INFORMATION CONCERNING FORWARD-LOOKING STATEMENTS

        This quarterly report contains certain statements relating to future results, which are forward-looking statements as that term is defined in the Private Securities Litigation Reform Act of 1995. These forward-looking statements are subject to certain risks and uncertainties that could cause actual results to differ materially from either historical or anticipated results, depending on a variety of factors. Potential factors that could impact results include the general economic conditions in different countries around the world, fluctuations in global equity and fixed income markets, exchange rates, rating agency actions, resolution of regulatory issues, including those related to compensation arrangements with underwriters, pension funding, ultimate paid claims may be different from actuarial estimates and actuarial estimates may change over time, changes in commercial property and casualty markets and commercial premium rates, the competitive environment, the actual costs of resolution of contingent liabilities and other loss contingencies, and the heightened level of potential errors and omissions liability arising from placements of complex policies and sophisticated reinsurance arrangements in an insurance market in which insurer reserves are under pressure.
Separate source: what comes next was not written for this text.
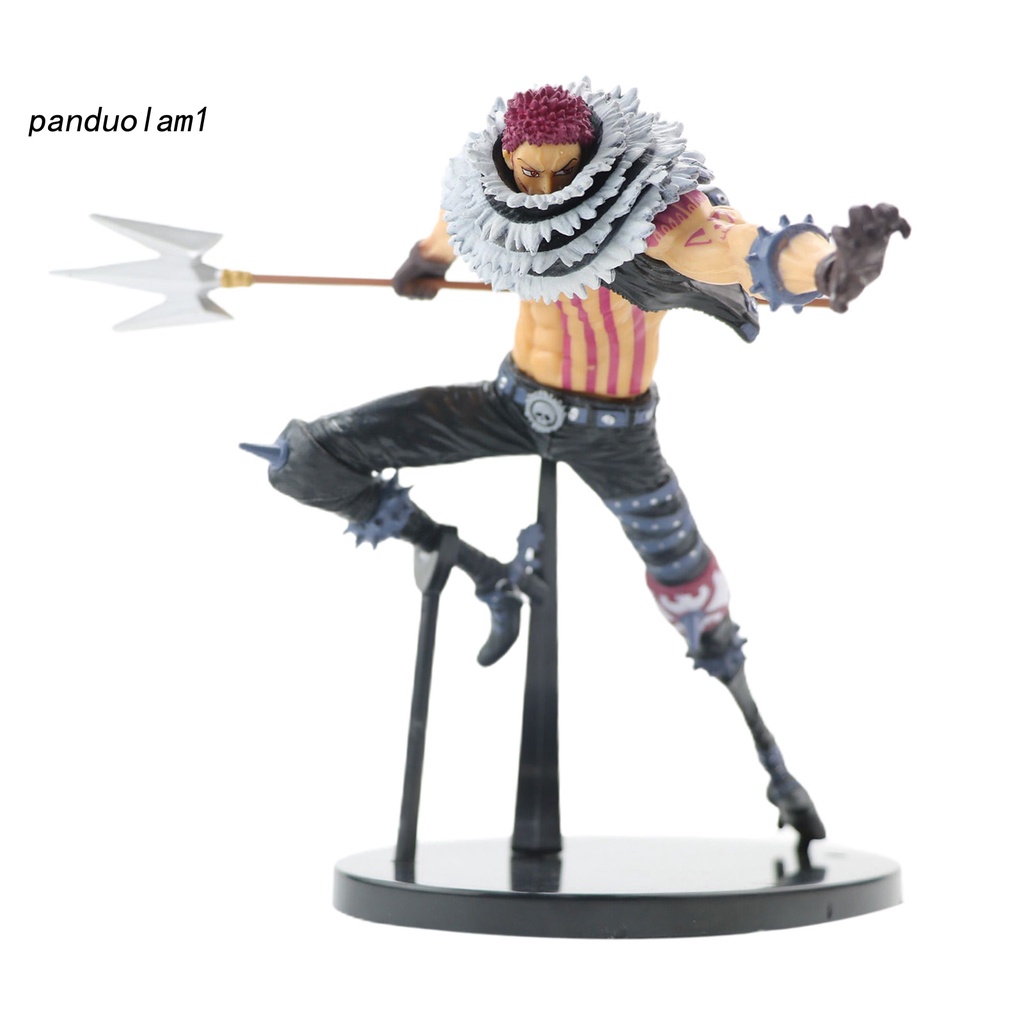 Pdl Mô Hình Nhân Vật Katakuri Trong Phim Hoạt Hình One Piece ...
ITEM 3.    QUANTITATIVE AND QUALITATIVE DISCLOSURES ABOUT MARKET RISK

Market Risk Exposure

        We are exposed to potential fluctuations in earnings, cash flows and the fair value of certain of our assets and liabilities due to changes in interest rates, foreign exchange rates and equity prices. In order to manage the risk arising from these exposures, we enter into a variety of derivative instruments. Aon does not enter into derivatives or financial instruments for trading purposes.

        We are subject to foreign exchange rate risk associated with translating financial statements of our foreign subsidiaries into U.S. dollars. Our primary exposures are to the British pound, the Euro, the Canadian dollar, and the Australian dollar. We use over-the-counter (OTC) options and forward contracts to reduce the impact of foreign currency fluctuations on the translation of the financial statements of our foreign operations.

        Additionally, some of our foreign brokerage subsidiaries receive revenues in currencies that differ from their functional currencies. Our U.K. subsidiary earns a portion of its revenue in U.S. dollars but the majority of its expenses are incurred in pounds sterling. Our policy is to convert into pounds

43



sterling sufficient U.S. dollar revenue to fund the subsidiary's pound sterling expenses using over-the-counter (OTC) options and forward exchange contracts. At June 30, 2004, we have hedged 79% of the U.K. subsidiaries' expected U.S. dollar transaction exposure for the next twelve months. We do not generally hedge exposures beyond three years.

        The translated value of revenue and expense from our international brokerage and underwriting operations are subject to fluctuations in foreign exchange rates. The net impact of these fluctuations on Aon's net income was an increase of $0.11 per share for first half 2004.

        We also use forward contracts to offset foreign exchange risk associated with foreign denominated inter-company notes.

        The nature of the income of our businesses is affected by changes in international and domestic short-term interest rates. We monitor our net exposure to short-term interest rates and, as appropriate, hedge our exposure by entering into interest rate swap agreements and use exchange-traded futures and options to limit our net exposure. A decrease in global short-term interest rates adversely affects Aon's income. This activity primarily relates to brokerage funds held on behalf of clients in the U.S. and U.K.

        Interest rate swaps and caps are used to limit exposure to changes in interest rates related to interest rate guarantees provided by a subsidiary of Aon to certain unaffiliated entities. In August 2000, these guarantees were replaced with new offsetting interest rate swaps between Aon and an unaffiliated entity, with Aon essentially retaining the same exposure.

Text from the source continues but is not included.